*GIVEN MATERIAL*.
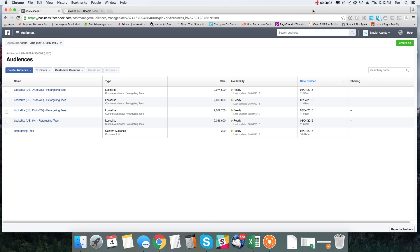Hey guys, what's going on? This is Teo Vanyo with Social Stinger, and today in this video I just want to show you a little trick to basically creating a custom audience really out of thin air.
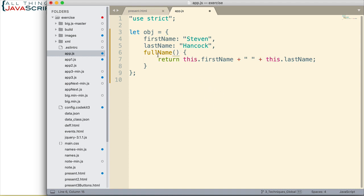Now, if you have something that comes after the method, then you still need to put the comma at the end like this to separate the properties and methods of an object. That's still necessary. But, notice that we saved the colon and we saved the word function in this particular method.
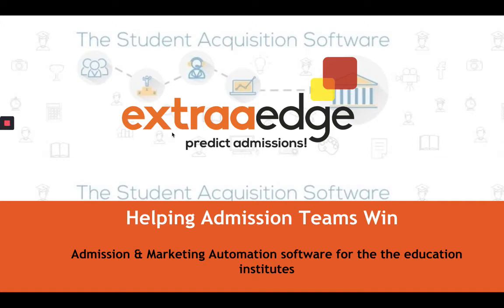Hello Xtra Edge users, my name is Chandni and I'm a customer success manager at Xtra Edge. We are helping the admissions team win. Our today's topic of discussion is how to reset a password or how to change a password.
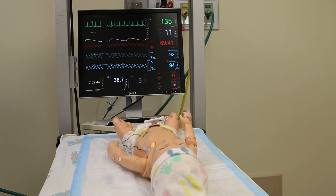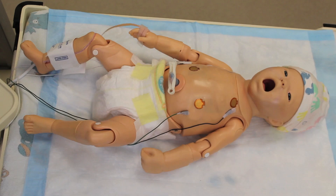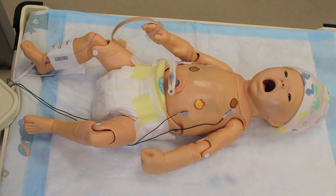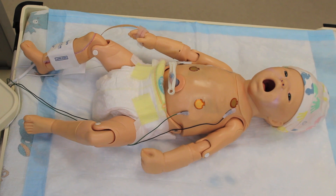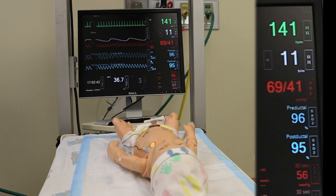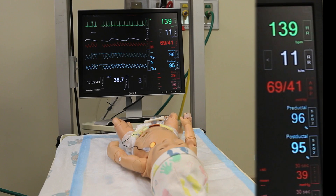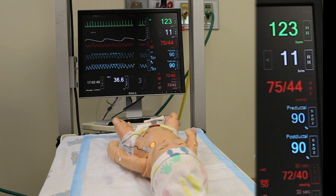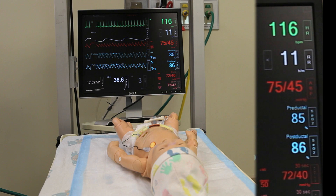The movement we see now represents seizures. In the STABLE scenarios, the baby is programmed to have physiologic correlation when he has a seizure. Take a look at the monitor. During a seizure, the baby's heart rate is going to go down, his saturation is going to drop, and his blood pressure is going to go up.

*ACTION ITEM*.
Since the pictures are not wanted, transcribe the rest of the listing above exactly.

*TASK SOLUTION*.
Hey guys, what's going on? This is Teo Vanyo with Social Stinger, and today in this video I just want to show you a little trick to basically creating a custom audience really out of thin air.
Now, if you have something that comes after the method, then you still need to put the comma at the end like this to separate the properties and methods of an object. That's still necessary. But, notice that we saved the colon and we saved the word function in this particular method.
Hello Xtra Edge users, my name is Chandni and I'm a customer success manager at Xtra Edge. We are helping the admissions team win. Our today's topic of discussion is how to reset a password or how to change a password.
The movement we see now represents seizures. In the STABLE scenarios, the baby is programmed to have physiologic correlation when he has a seizure. Take a look at the monitor. During a seizure, the baby's heart rate is going to go down, his saturation is going to drop, and his blood pressure is going to go up.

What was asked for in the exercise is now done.